It's unclear whether this will work. Once customers get habituated to "low cost and more than good enough", it's hard to convince them to pay more, particularly when Amazon Web Services has come to be the default public cloud option.

The stakes are high enough, however, that Amazon's competitors aren't about to shirk the fight.

That's the distinct impression I had when talking with Rackspace chief technology officer John Engates recently. Engates made it clear that his company's commitment to "fanatical support" is just as relevant in the cloud age as in yesterday's hosting market, and will continue to win Rackspace customers against Amazon's more impersonal approach.

Not that Rackspace is resting on its support laurels, either. The company also recently announced the launch of Rackspace Cloud: Private Edition to offer many of the benefits of its public cloud offering behind enterprise firewalls for risk-averse CIOs. Built using the popular OpenStack cloud "operating system", this Private Edition product, along with additional tools like Cloudkick, is designed to take the guesswork out of using the cloud.

Which should, in theory, translate into revenue for Rackspace.

It's a reasonable theory, one that has paid dividends over the course of Rackspace's history, even as other hosting companies were commoditised out of existence.

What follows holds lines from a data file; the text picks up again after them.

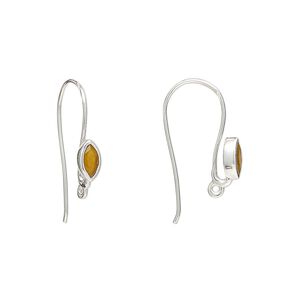 Sterling silver / tigereye 1pkg2, marquise ear wire natural, fishhook / closed loop 22 gauge 18mm / 6x3.5mm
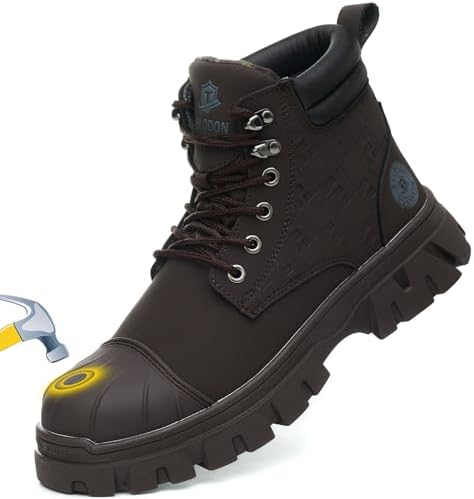 KELODON Waterproof Steel Toe Boots For Men 6 Inch Leather Steel Toe Shoes Non Slip Resistant Safety Work Boots Indestructible Lightweight Construction Boot
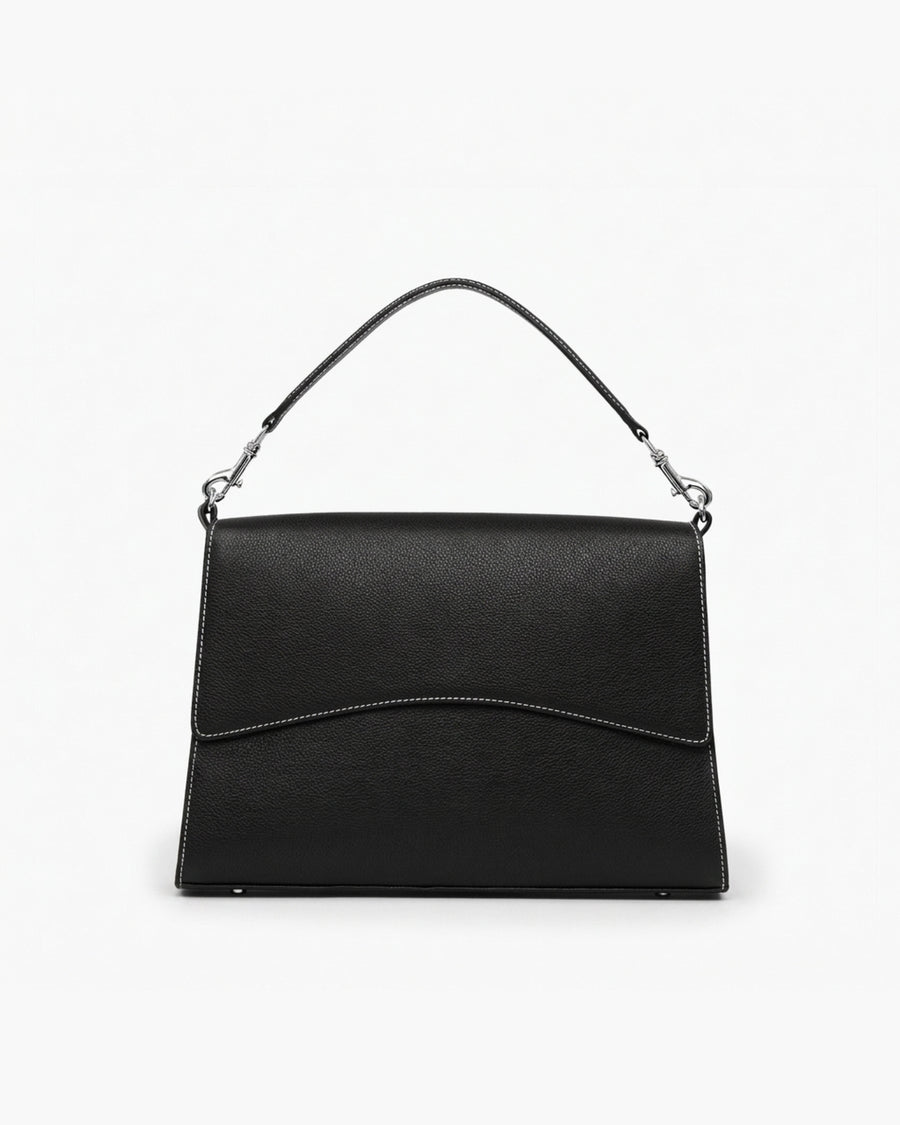 A black textured leather shoulder bag with a curved top handle, silver-tone hardware, and contrast stitching, shown against a plain white background.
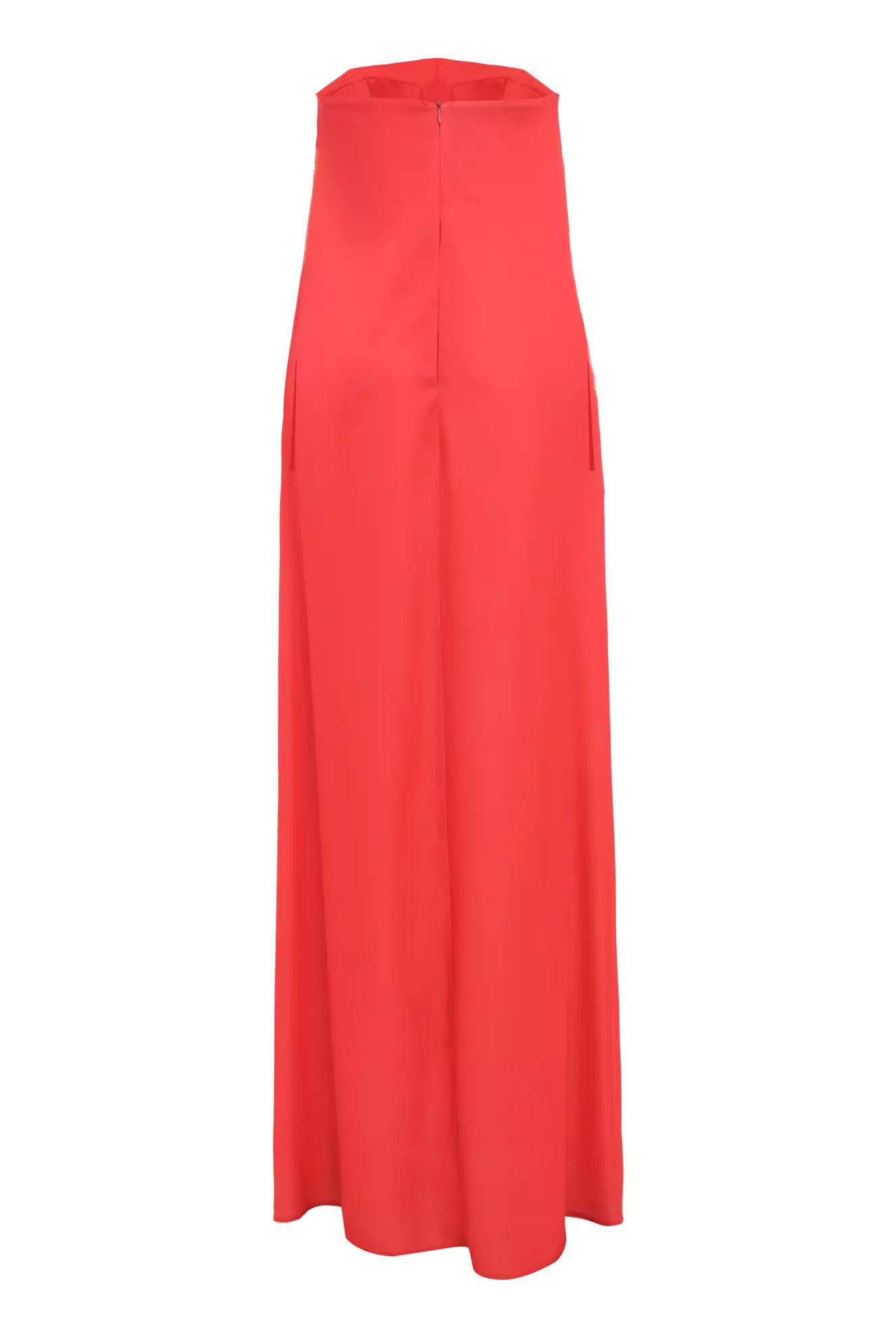 Red Satin Strapless Long Dress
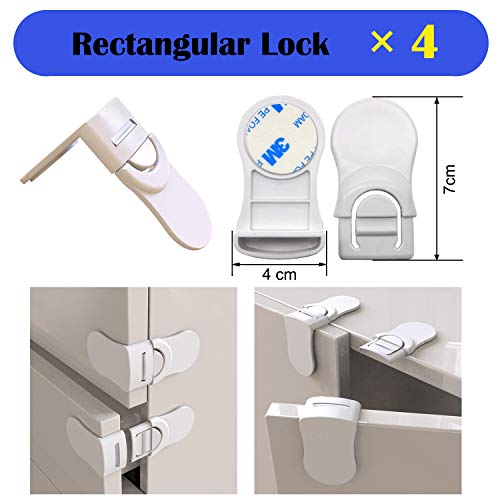 XinPei Baby Proofing Kit (48 Pcs) -20 Socket Covers + 10 X Cabinet Locks + 10 X Cupboard Locks + 4 X Rectangular Locks + 4 X Foam Door Stoppers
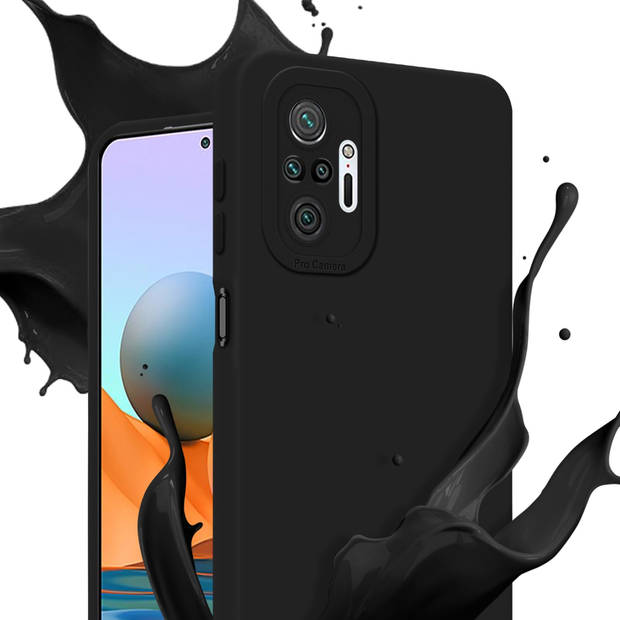 Cadorabo Hoesje geschikt voor Xiaomi RedMi NOTE 10 PRO in FLUID ZWART - Beschermhoes TPU silicone Cover Case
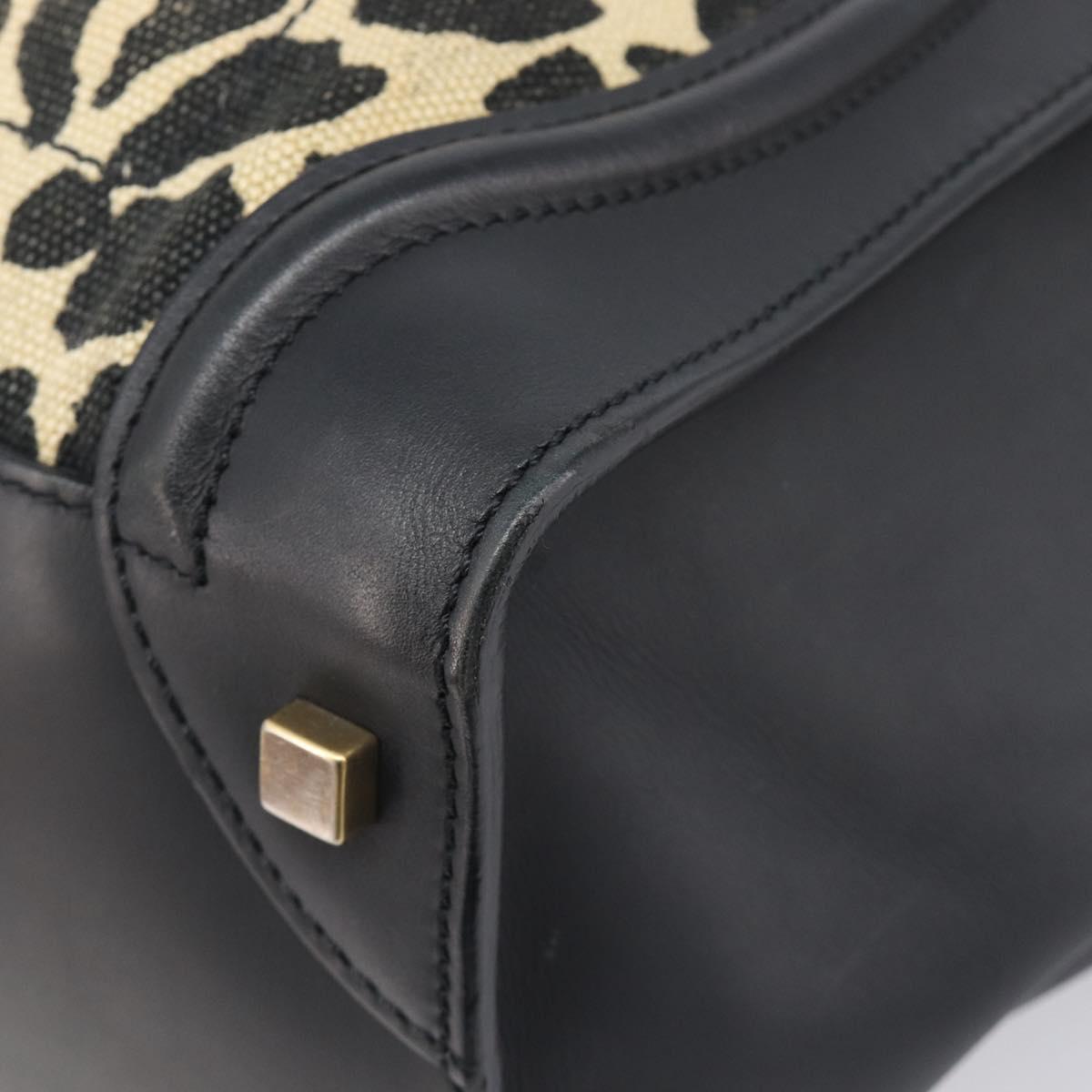 CELINE Luggage Mini Shopper Hand Bag Canvas Leather Black Gold Auth 203648A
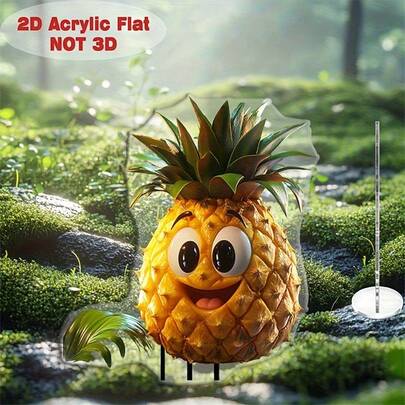 2D Flat, 1pc Pineapple Garden Stake, Funny Fruit Gift, Gift For Food Lovers, Mini Garden Decor, Suitable For Fun Yard, Mini Garden, Outdoor Decor Area, Outdoor Decoration, Garden Decor, Retro Garden Marker, Whimsical Garden Stake, Weather-Resistant Ornament, Printed Garden Sign, Fruit Themed Decoration, Decorative Garden Stake, Home Gardener, Holiday Gift Idea, 2D Flat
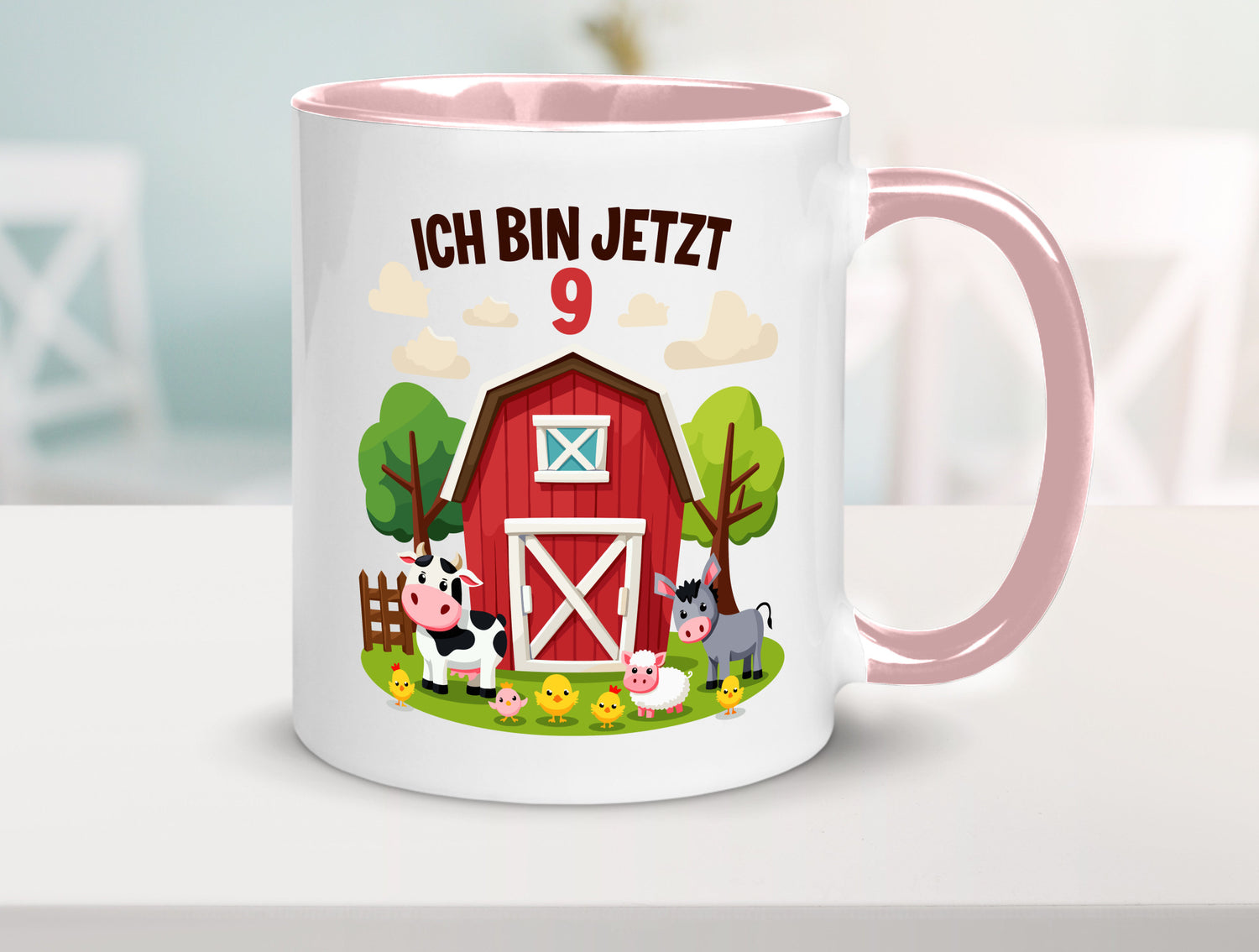 9. Geburtstag | 8 Jahre Bauernhof und Tiere Humor Geschenkidee Tasse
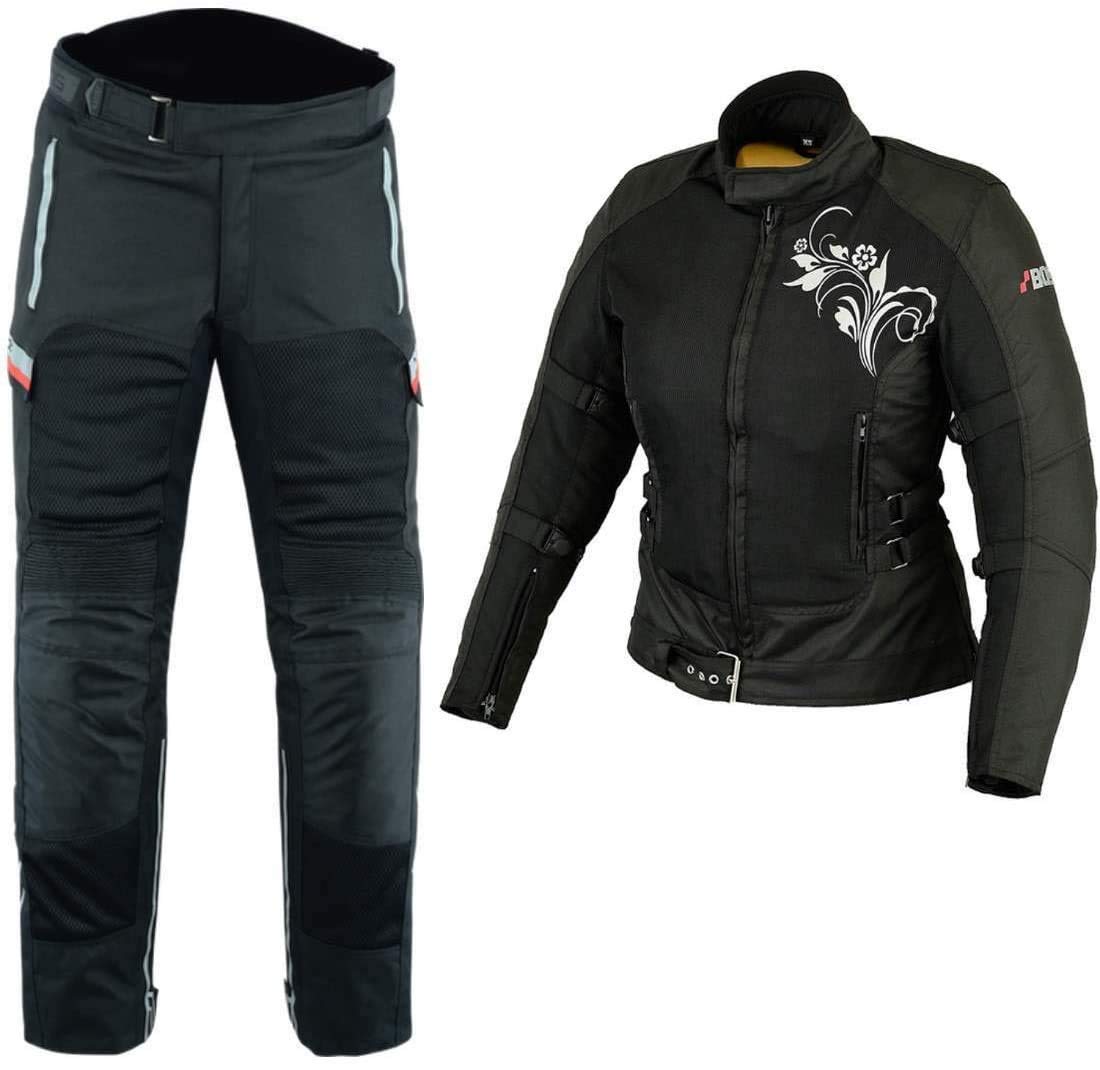 Bikerkombi Zweiteiler Für Damen Motorradkombi Schwarz (XL) von BOSMOTO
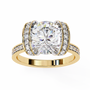 magnificent Round Brilliant diamond cradled within a spectacular "Bow-Style" halo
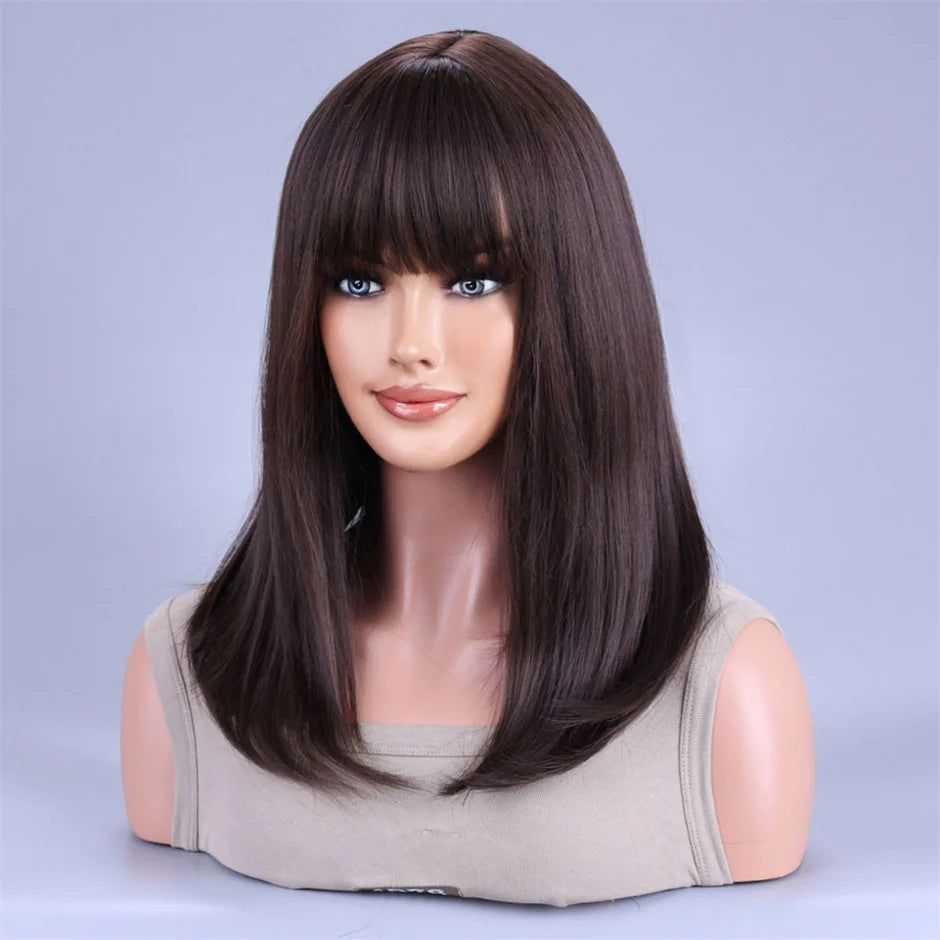 Black Brown Synthetic Wig with Bangs Middle Long Straight Curly Wigs for Women Cosplay Daily Party Heat Resistant Fiber Hair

Less promising, however, is Alcatel-Lucent's approach. As outlined in a recent Wired story:

Coach may be fine for your digital vacation memories, the argument goes, but enterprise applications need the performance, security, and guarantees of the telco carriers. In short, the carriers say, turn to us for business-class cloud services.

Nice theory, but it's unlikely to prove true.

This was roughly the same idea that Iron Mountain had when it introduced its digital business just a few years ago; Iron Mountain tucked its digital tail between its legs and sold the business to Autonomy, however, because it didn't make enough money. Sure, some execution missteps contributed to the failure of its digital business, but the real failure was the concept itself.

Iron Mountain Digital believed that customers would pay non-commodity prices for a commodity service (digital document storage) that was available in a wide variety of places for free or nearly so. They didn't, and eventually Iron Mountain's biggest sale was of the business itself.

Amazon is the default for public cloud computing. There is little to no room for a big business in building a "premium Amazon" when the whole purpose behind the public cloud is to lower costs and increase IT agility, neither of which is well-served by Alcatel-Lucent's premium approach.

Of the two approaches – premium technology versus premium support – introduced by Alcatel-Lucent and Rackspace, only Rackspace's seems credible, provided that the premium paid is minimal. Amazon has set the price for the industry, one that will only go down over time. Setting the price much above Amazon's rates is going to be a struggle, one that only Rackspace has demonstrated it can command. ®

Matt Asay is senior vice president of business development at Nodeable, offering systems management for managing and analyzing cloud-based data. He was formerly SVP of biz dev at HTML5 start-up Strobe and chief operating officer of Ubuntu commercial operation Canonical. With more than a decade spent in open source, Asay served as Alfresco's general manager for the Americas and vice president of business development, and he helped put Novell on its open source track. Asay is an emeritus board member of the Open Source Initiative (OSI). His column, Open...and Shut, appears three times a week on The Register.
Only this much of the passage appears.